When my relatives visited last month, the kids were doing arts and crafts one afternoon while the adults chatted. Little Man colored a picture of a spider, cut it out, and bent each segment of the spider's legs so it would stand up by itself.
"That's really neat," said my Auntie Arline. "Does he do things like that a lot?"
"He's never done that before," I said. It was pretty cool, but I didn't think much of it at the time.
But ever since then, he's been creating more and more elaborate things out of paper. And last week, he blew me away.
Here's what he drew:
"What's that?" I asked him.
"A pirate ship!" he said.
Huh. I shrugged. I could recognize the skulls and crossbones, and the ship's wheel, but other than that, I couldn't see how it was a pirate ship.
Then he cut it all out -- one single piece - and started folding it. Before I knew it, he had a perfect 3D paper pirate ship. I was floored. The ship's wheel is centered in the front.
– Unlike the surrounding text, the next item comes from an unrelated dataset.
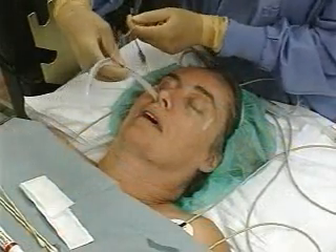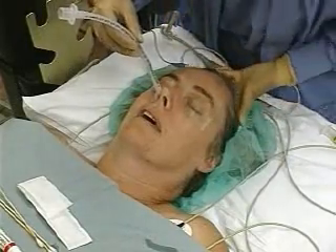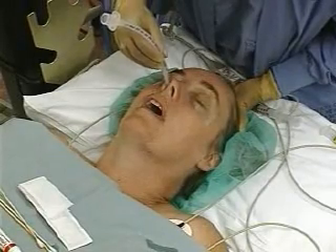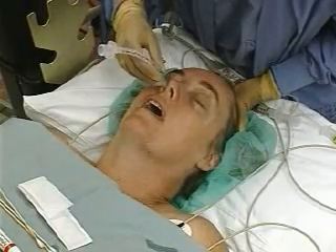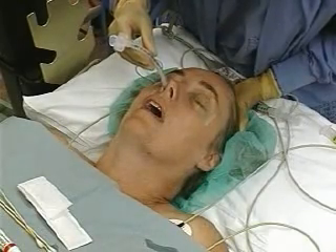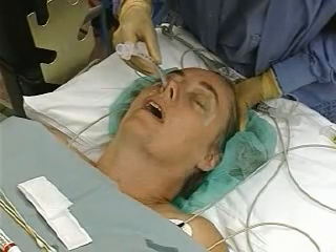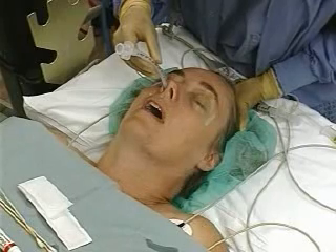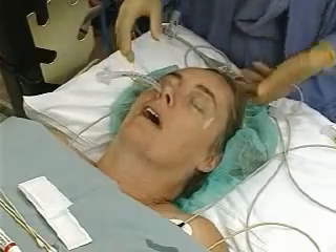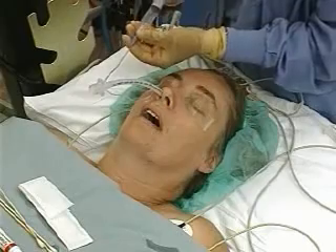Place the tube gently in the nose and advance it using the technique described for the nasal airway. Gently extend the neck if the tube is difficult to pass. Watch for signs of fogging or condensation in the tube; as the tube approaches the vocal cords, the quality of the voice may also change. Ask the patient to breathe deeply and gently advance the tube through the cords while they are open during inspiration. The patient should immediately lose phonation. Inflate the cuff, verify position, and secure as for an oral endotracheal tube.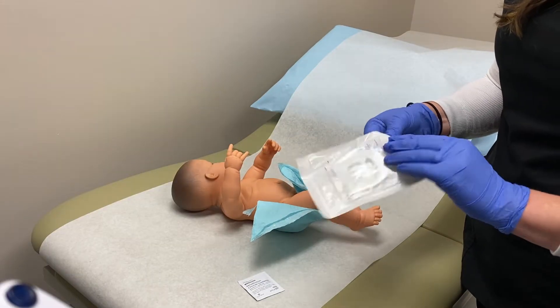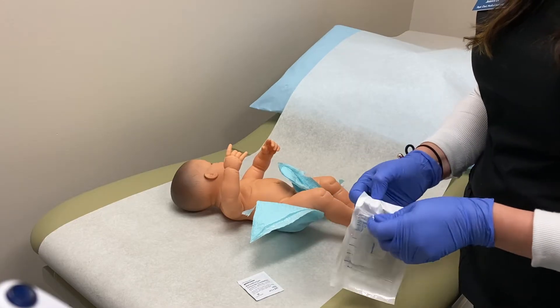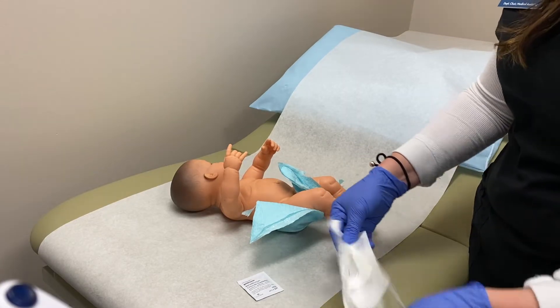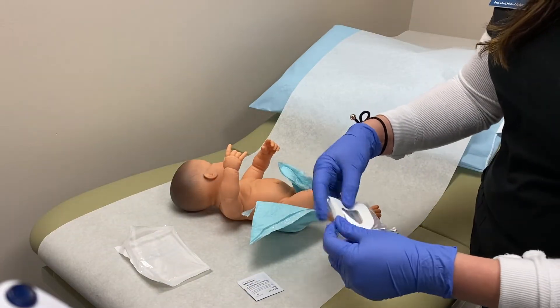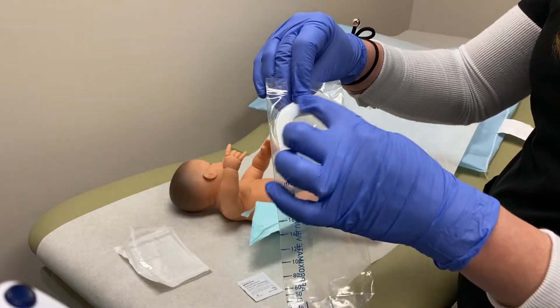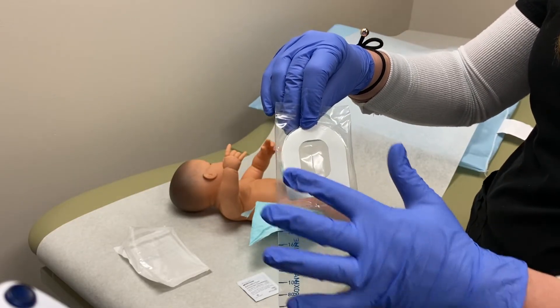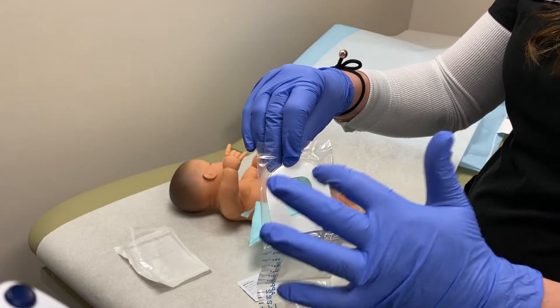So the first thing you're going to do is get your bag ready, because once you get going on this you want to do it pretty quickly. You don't want the baby to be without a diaper any longer than necessary. If you can see this urine bag, it has a U-shape — this is why we call them U-bags sometimes. It has a U-shape that goes over the baby's genitalia where their urethral opening is.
The front of the ship is angled forward, like a real ship. There's a bottom panel folded over to make the floor, with a perfect skull and crossbones centered and oriented forward. The two masts are the same size and angle, stay parallel, and meet perfectly at the top. All the angles match so the entire ship is plumb and stands up by itself.
I mean ... there's no way I could freehand something like that. I am just marveling at how he could so easily envision the angles, the folds, the three dimensions.